Posted by: Lord | October 23, 2018 at 08:16 PM
I think the danger is not so much that the bubbles split as that wrongthinkers are cast out of whichever bubble they're in, or silenced under threat of outcasting.
For myself - posting (e.g. on Twitter) under my real name, which I've masked for the sake of this comment - I'm closely allied with
Corbynites
anti-Zionist Jews
gender-critical feminists
critics of counter-terrorist policing
critics of Continuity Remain
critics of Public Health England
One or two of these things are not like the others; the people who 'like' and RT my thoughts on Corbyn, Prevent and the People's Vote campaign go rather quiet (at best) when I tweet in support of Woman's Place UK or against 'plain packaging' and the 14-unit limit. But I don't think I'm going to end up talking to three other people in a bijou libertarian-feminist-Marxist filter bubble; it seems far more likely that I'll carry on inhabiting multiple different bubbles, but feel under increasing pressure to watch my words, and restrict certain topics to audiences where they'll be welcome.

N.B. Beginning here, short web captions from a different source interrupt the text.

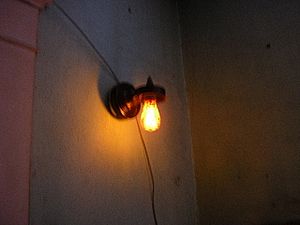 Mangumlightbulb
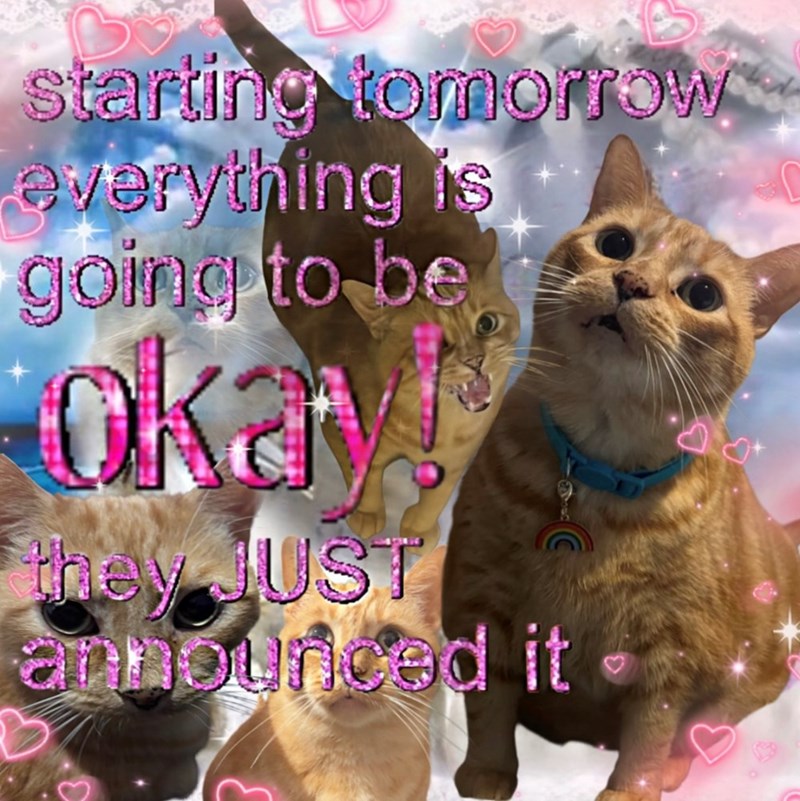 starting tomorrow everything is going to be Okay! they JUST announced it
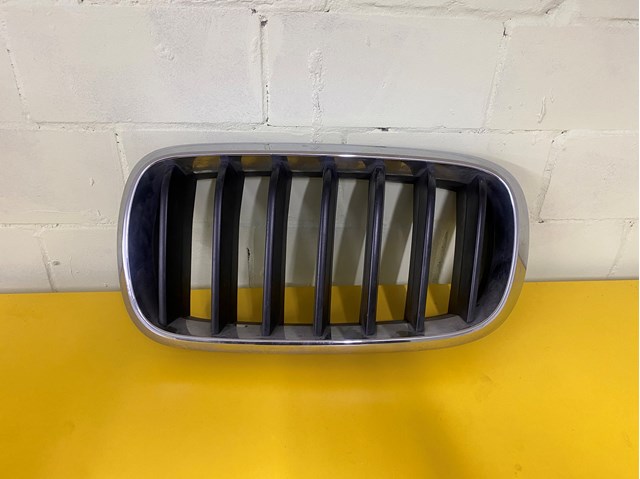 Решітка радіатора ліва 51137316061 BMW
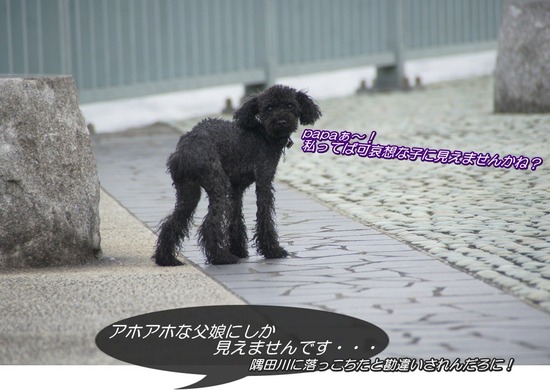 トイプードル銀座リリーとas know as de wan25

Posted by: Anon | October 24, 2018 at 12:04 PM
Do you really buy the BBC's argument? The fact that the numbers are so low might suggest that they're asking the wrong questions to the wrong people. Has anyone really suggested that book bans are an issue? It's much more about an issue of cognitive diversity.
I suspect that most "no platforming" is done at the student union level, so asking the university is pointless.
The article does -at least - acknowledge that they don't account for the chilling effect of internal politics.
Posted by: Ted | October 24, 2018 at 01:37 PM
That Popular Front of Judea guy is me!
Posted by: Robert Mitchell | October 25, 2018 at 05:53 AM
I think the filter bubble concept should be binned. I don't see people withdrawing into a cocoon of consensus, but rather, gleefully seeking out anything that outrages them. It's not a bubble, it's more like a giant radiotelescope dish antenna pulling in every last faintest squeak of outrage from the other side of the universe.
Posted by: Alex | October 26, 2018 at 10:01 AM
How 'safe' are these echo-chambers / bubbles anyway? Even supposedly secure stuff from WhatsApp groups gets published, and if it is grist to the other side's mill, highlighted and vilified.